This whole rape comment thing has been about the biggest trainwreck of a situation I’ve ever seen in my life. I post on another message board about this show, and I still can’t get over the nearly unanimous love for Steve (seriously? the guy’s a hilariously arrogant douchebag) and the unanimous loathing for Arian. She’s been called slut, whore, tramp, and every other name in the book. And seriously, is her behavior really that shocking? I don’t know about y’all, but I stopped being shocked by sexual acts between consenting adults years and years ago. I see more “shocking” and overtly sexual behavior from the gay boys at my local gay bar and I don’t see anyone yelling at them to stop being so slutty or they’ll end up raped.
And not to mention, did I miss something w/ Arian in the bar? Basically she referenced her breasts, made some sex jokes, and grabbed a guy’s leg under the table. And this is shocking, slutty behavior? Dear me. I’m pretty sure I might have done these things once or twice in my life. Now I’ll end up raped! (Not to mock a serious situation, but Jesus Christ on a cracker people!)

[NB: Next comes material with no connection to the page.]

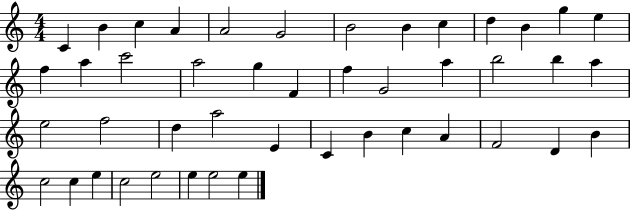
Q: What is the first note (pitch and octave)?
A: C4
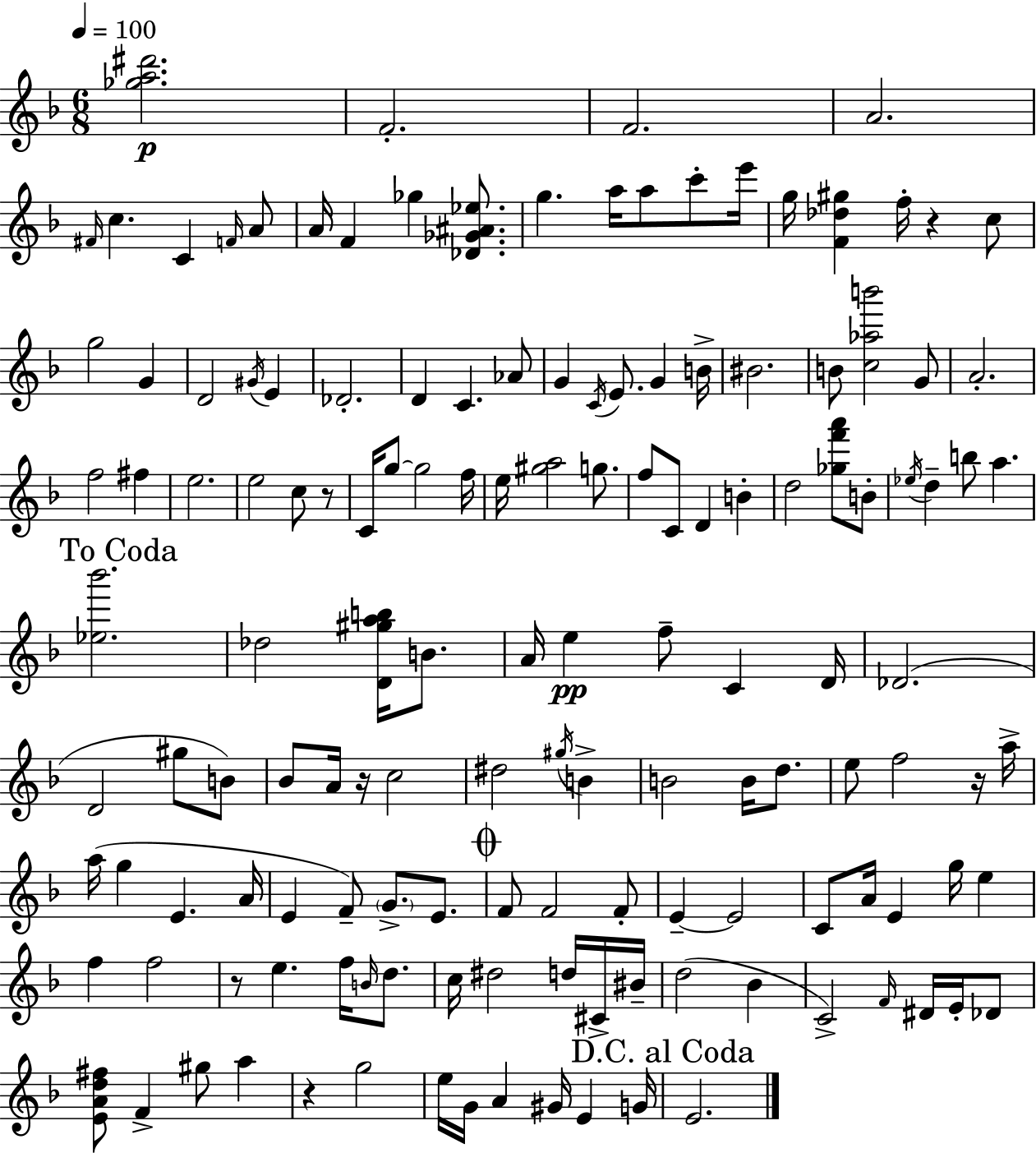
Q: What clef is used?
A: treble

Basically I just want to send a shout out and a note of thanks to all the feminist bloggers that have posted in outrage over this incident and called it for what it was–a disgusting, victim-blaming statement. I just can’t take either the bile directed at Arian or the Steve Ward worship for one more second before I vomit all over his smug, egotistical face.
Thanks, April. I’m honestly surprised at the backlash this post has gotten from other (apparent) feminists and mainstreamers who happened upon my blog somehow. I shouldn’t be surprised, because this is how our culture is: blaming women for their own rapes is excellent, but holding men accountable for the rapes/SAs they commit is Very Wrong and maybe, with some ridiculous logical leaps, anti-feminist! I just can’t really wrap my mind around some of the comments posted here, let alone those posted at Alessia’s and SaferCampus. Amazing, baffling, WOWZA.
Same.
“But I DO NOT think that telling someone to err on the side of caution equals BLAMING that person.”
I think it does when there’s never EVER a counter to it. Men aren’t told to err on the side of caution lest they rape a woman.
Of course nothing a person does makes them get raped. Just like nothing someone does makes them get robbed. But I would still caution people against walking down a dark alley late at night wearing an expensive watch.
I was sexually assaulted at 17 while walking home. I took the bus home by myself late at night and decided to take a shorcut through an ally after getting off the bus. Was it my fault that I was assaulted? Of course not! But in hindsight I really, really wish I had taken a safter route home. I can’t ever take back what happened to me. It didn’t need to happen. I don’t blame myself but I sure as hell use more caution now and recommend that my friends and family do the same.
I certainly don’t think I’m telling them that if (heaven forbid) something did happen to them, it would be their fault. Of course not. I’m trying to encourage them to exercise caution. Predators seek opportunity. If you take a self-defense class they will tell you all about it. I appreciate that you are voicing your concern over the very real and all-too-common occurance of victim blaming. Just please be sure that’s what the issue is, lest we find ourselves in a world where people are afraid of advising others to be careful.
Let’s see… Checking, checking… Yup, that’s what the issue is.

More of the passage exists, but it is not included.